▶ [What the exercise asks]:
Word for word, transcribe the listing that follows, minus any pictures.

▶ [Data below]:
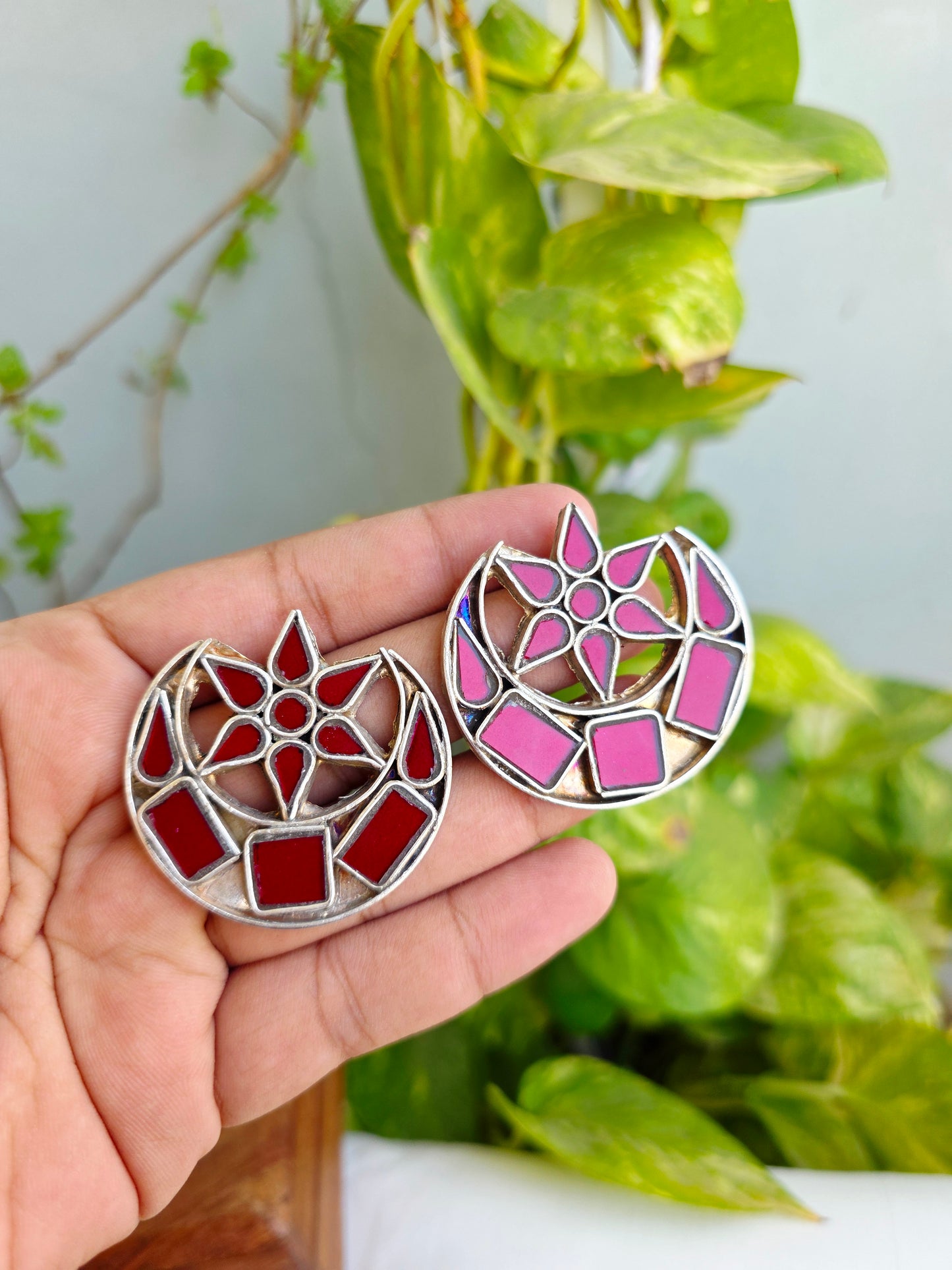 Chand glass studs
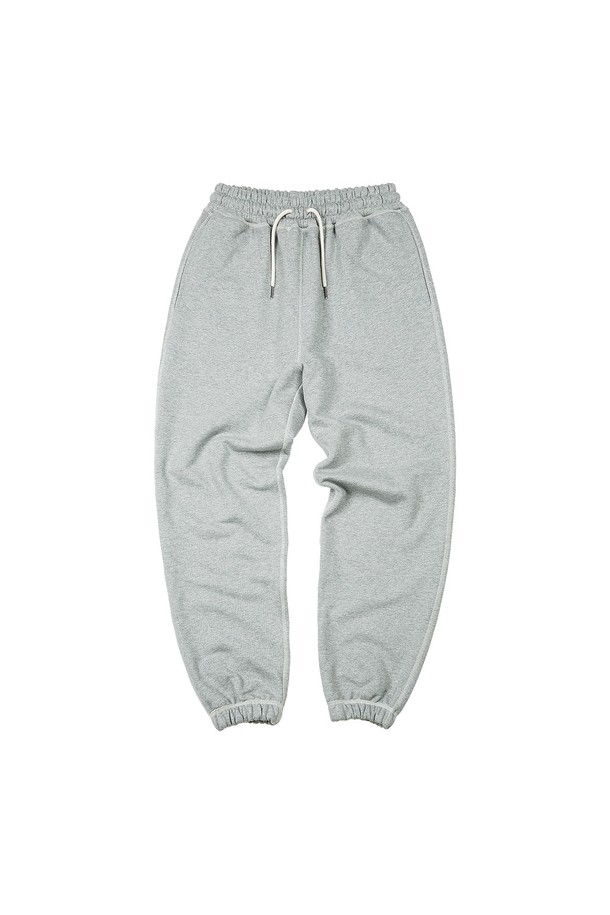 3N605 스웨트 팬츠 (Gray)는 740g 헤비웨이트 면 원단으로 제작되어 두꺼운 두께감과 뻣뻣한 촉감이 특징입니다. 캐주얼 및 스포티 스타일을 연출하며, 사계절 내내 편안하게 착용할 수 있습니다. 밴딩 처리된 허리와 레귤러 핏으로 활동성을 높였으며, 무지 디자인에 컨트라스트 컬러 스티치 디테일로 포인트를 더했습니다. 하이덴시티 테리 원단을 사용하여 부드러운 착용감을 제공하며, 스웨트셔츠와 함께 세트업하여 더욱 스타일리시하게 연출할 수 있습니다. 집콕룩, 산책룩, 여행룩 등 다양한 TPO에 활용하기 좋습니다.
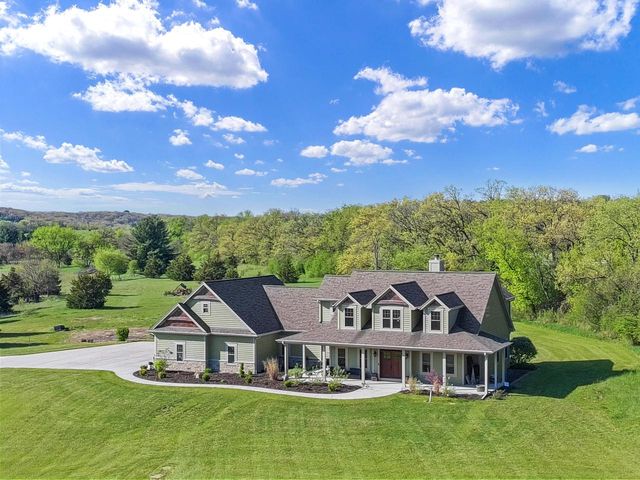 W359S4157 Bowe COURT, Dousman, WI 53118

▶ [Result below]:
 Chand glass studs
 3N605 스웨트 팬츠 (Gray)는 740g 헤비웨이트 면 원단으로 제작되어 두꺼운 두께감과 뻣뻣한 촉감이 특징입니다. 캐주얼 및 스포티 스타일을 연출하며, 사계절 내내 편안하게 착용할 수 있습니다. 밴딩 처리된 허리와 레귤러 핏으로 활동성을 높였으며, 무지 디자인에 컨트라스트 컬러 스티치 디테일로 포인트를 더했습니다. 하이덴시티 테리 원단을 사용하여 부드러운 착용감을 제공하며, 스웨트셔츠와 함께 세트업하여 더욱 스타일리시하게 연출할 수 있습니다. 집콕룩, 산책룩, 여행룩 등 다양한 TPO에 활용하기 좋습니다.
 W359S4157 Bowe COURT, Dousman, WI 53118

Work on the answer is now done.